Oltre a tutelare il patrimonio naturale americano e a permettere a tutti di fruirne, il sistema dei parchi nazionali è anche una fonte incredibile di guadagno. Solo nel 2023 il sistema dei parchi nazionali ha garantito all’economia statunitense un contributo di 55,6 miliardi di dollari, supportando un totale di 415.400 posti di lavoro in tutto il Paese. I visitatori che ogni giorno si recano nei 63 parchi e nelle centinaia di siti storici gestiti dal National Park Service sono una risorsa preziosa per le comunità locali: affollano hotel, motel e pensioni, riempiono bar e ristoranti, acquistano nei supermercati e nei negozi. Fanno girare l’economia. Sarebbe impensabile non porre questi benefici sull’altro piatto della bilancia nel momento in cui si valutano i costi che la nazione dovrebbe sostenere per contribuire alla tenuta del servizio, anche e proprio in termini economici.
L’approccio dell’amministrazione verso questa risorsa preziosa non si discosta però dal generale oscurantismo adottato per le tematiche ambientali, ben rappresentato dalla scelta di rimuovere ogni riferimento alla crisi climatica dai siti governativi. Al National Park Service, come riporta il New York Times, è stato addirittura impedito di pubblicizzare gli ottimi risultati registrati nel 2024. I dati sono stati pubblicati sul sito dell’agenzia e possono essere forniti a chiunque ne faccia esplicita richiesta, ma l’amministrazione ha chiesto di evitarne la divulgazione sui social media, tramite comunicati stampa o altri avvisi. Eppure sarebbero degni di nota perché sono state rilevate 331,9 milioni di visite, il numero più alto dal 1904, anno in cui è iniziata la rilevazione. Una cifra in grado di battere il record raggiunto in occasione del centenario del National Park Service, nel 2016, quando le visite erano state 330 milioni.
Nel 1983 Wallace Stegner, storico e scrittore, aveva definito i parchi nazionali la migliore idea mai avuta dagli statunitensi. «Assolutamente americani, assolutamente democratici, ci riflettono al meglio piuttosto che al peggio», affermava. Nella sua massima continua a esserci un fondo di verità, perché il modo in cui questo patrimonio viene gestito e tutelato è uno specchio di come vanno le cose. I licenziamenti, la presunta volontà di declassare alcuni monumenti nazionali e la possibilità che alcuni siti vengano messi in vendita non sono buoni sintomi.

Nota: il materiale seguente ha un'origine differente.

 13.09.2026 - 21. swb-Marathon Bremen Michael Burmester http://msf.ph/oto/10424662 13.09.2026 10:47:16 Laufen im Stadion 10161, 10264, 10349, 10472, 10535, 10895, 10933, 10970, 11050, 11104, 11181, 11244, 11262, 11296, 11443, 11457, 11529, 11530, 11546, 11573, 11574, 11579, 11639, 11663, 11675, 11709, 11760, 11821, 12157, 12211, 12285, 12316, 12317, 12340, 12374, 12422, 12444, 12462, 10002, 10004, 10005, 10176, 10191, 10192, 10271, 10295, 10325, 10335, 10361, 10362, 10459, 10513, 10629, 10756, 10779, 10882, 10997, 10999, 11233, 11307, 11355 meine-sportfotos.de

Sono un po' confusa: togliendo i benefici a livello ambientale e faunistico che non rientrano tra le preoccupazioni della nuova amministrazione, perché stanno facendo questi tagli se i parchi nazionali sono un'incredibile fonte di guadagno? La campagna di Trump non è tutta incentrata sull'economia e sull'arricchire il Paese? Quindi questa idea non è un controsenso? (Vabbè, come se qualcosa avesse senso con Trump).